*TASK BRIEF:* Using the data below, reproduce exactly the lines from the line with "traitement poches yeux" to the line with "Bolígrafo Reparador De", both included; pictures must be dropped.

*PROVIDED DATA:*
Start of Block
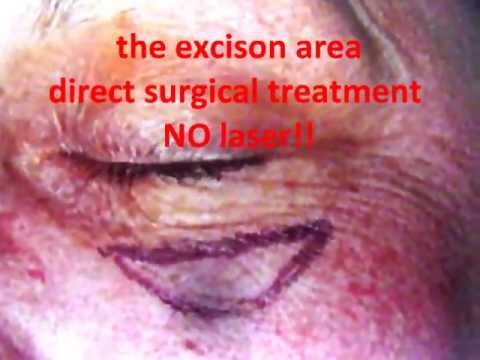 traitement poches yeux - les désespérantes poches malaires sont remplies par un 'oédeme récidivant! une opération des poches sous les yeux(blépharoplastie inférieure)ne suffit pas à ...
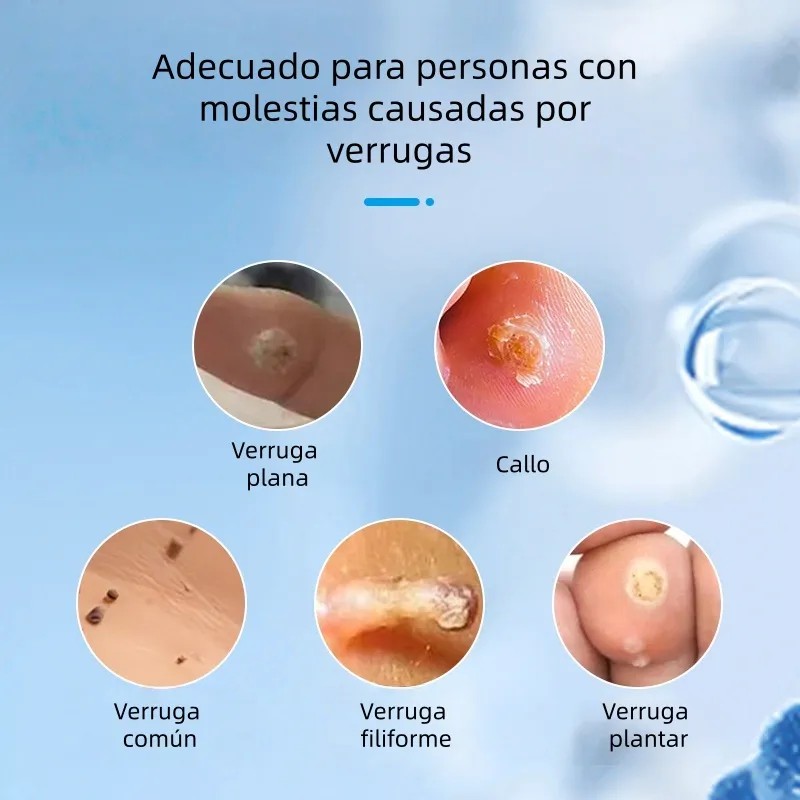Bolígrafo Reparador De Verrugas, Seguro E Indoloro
End of Block
Start of Block
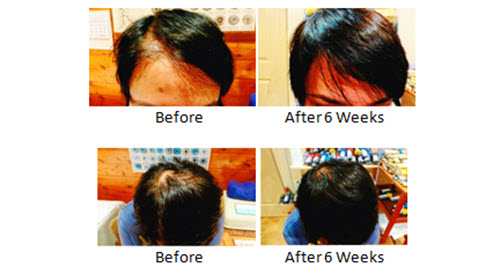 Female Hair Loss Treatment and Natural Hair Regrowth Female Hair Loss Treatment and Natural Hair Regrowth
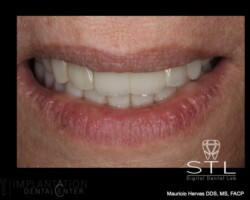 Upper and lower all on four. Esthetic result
End of Block
*TASK SOLUTION:*
 traitement poches yeux - les désespérantes poches malaires sont remplies par un 'oédeme récidivant! une opération des poches sous les yeux(blépharoplastie inférieure)ne suffit pas à ...
Bolígrafo Reparador De Verrugas, Seguro E Indoloro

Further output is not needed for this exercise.